IF Skiens Grane
- Full name: Idrettsforeningen Skiens Grane
- Founded: 25 March 1911
- Ground: Granebanen, Skien
- League: Fifth Division
- 2025: 6th

= IF Skiens Grane =

Norwegian football club

Idrettsforeningen Skiens Grane is a Norwegian association football club from west central Skien.

The club was founded as Grane-Skiens FK on 25 March 1911. Being a multi-sports club at the time, it also had sections for team handball, Nordic skiing and athletics.
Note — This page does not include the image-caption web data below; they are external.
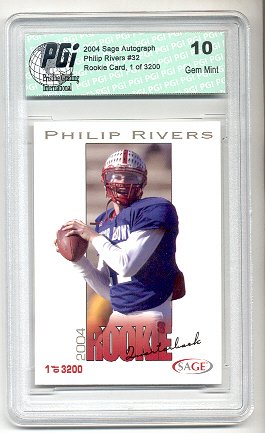 Lot 2 Cartes Philip Rivers Rookie 2004 Press Pass (#CL 3/9 & #SB 7/9) - Beau !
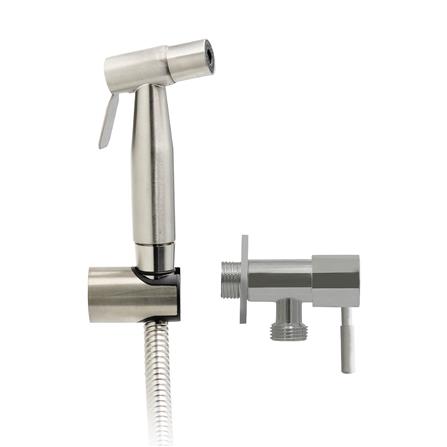 ชุดสายฉีดชำระพร้อมสต๊อปวาล์ว HONS RS-S01 สเตนเลส_1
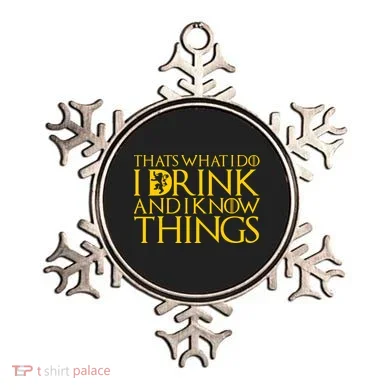 I Drink And Know Things Ornament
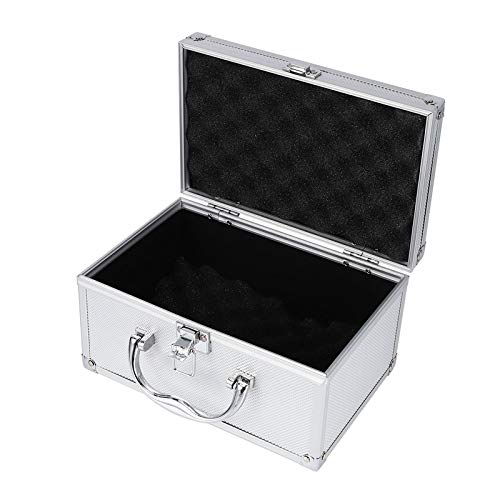 Micvtve Aluminum Alloy Tool Box Portable Equipment Instrument Case Display Case Suitcase Hardware Tool Case 230X150X125mm - Image 3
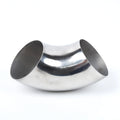 Car Exhaust Bend Elbow Pipe Fitting 2.5 63mm Stainless Steel Universal Car Exhaust Pipe Muffler Elbow Tube Bend Mandrel Fitting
The team colours are yellow and blue.

The men's football team played on the first tier in Norway around World War II, winning promotion to the League of Norway in 1938. The team finished third in their group in 1938–39, behind Ørn Horten and Fram Larvik, repeating the same placement in 1939–40. However, the league was abandoned because of World War II, and did not resume until 1947. In the 1947–48 League of Norway, the competition would be significantly tightened, and despite Skiens Grane finishing in third place again, they were relegated. In the 1948–49 season, the team finished second in its group on the second tier, behind Fram, and was ineligibl for promotion.

The team also reached the third round of the cup in 1940, 1948 and 1952.

The men's football team currently plays in the Fifth Division, the sixth tier of football in Norway.